少し前の話ですが、私がよく行って親しくしていた飲食店の店長が突然辞めました。まあ、今の時代、飲食店は5年間続けば良い方と言われているらしく、それだけ人の出入りが激しい業界になっているようです。寿司職人やフランス料理職人など、本当に職人としてその道を極める場合の修行なら今でも10年と言われているようですが、そうでない一般的な飲食店の場合は、短期間で転職を繰り返す人が多いそうです。

で、私が社長さんが聞いた店長の辞職は決して喧嘩別れではないのないものの、円満退職でもなかったようです。ある日突然、「独立するので辞めます。」と、社長に申し出たそうです。長い付き合いで、朝から晩まで一緒にいて苦労を共にした仲なのだから、その前に一言相談して欲しかったと、社長は残念がっていました。

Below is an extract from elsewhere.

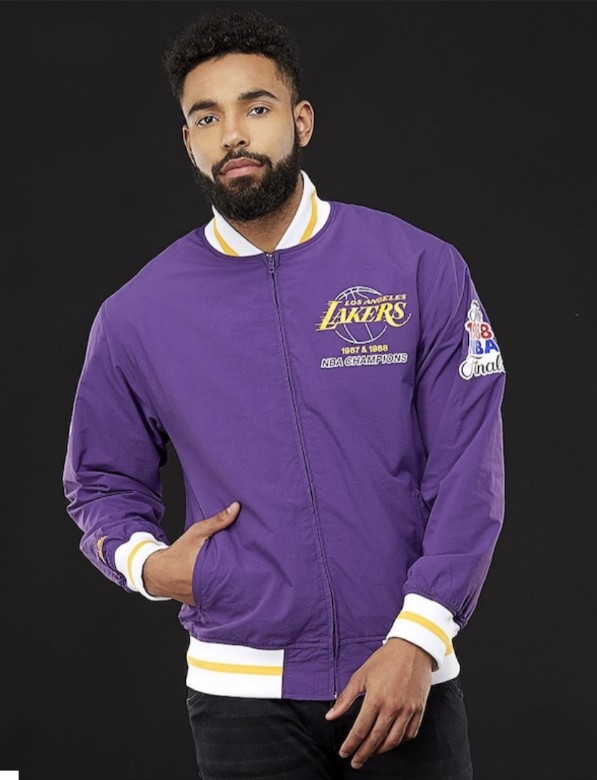 lakers zip up jacket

その気持ちわかるような気もします。私がこの社長の立場だったら、同じように感じていたでしょう。

しかしその一方で、辞めた店長も社長と仲良しだったといえども、職場の上下関係があるのだし、職場や上司に対して100%不満がなくすべて満足という事はなかったはずです。何らかのわだかまりもあったに違いありません。独立を考え始めたところで、そこで社長と簡単に相談することもできなかったのでしょう。その気持ちもわかるような気がします。

往々にして、何もかもキレイに問題なく円満退職という事は、特に今の時代、簡単ではなさそうです。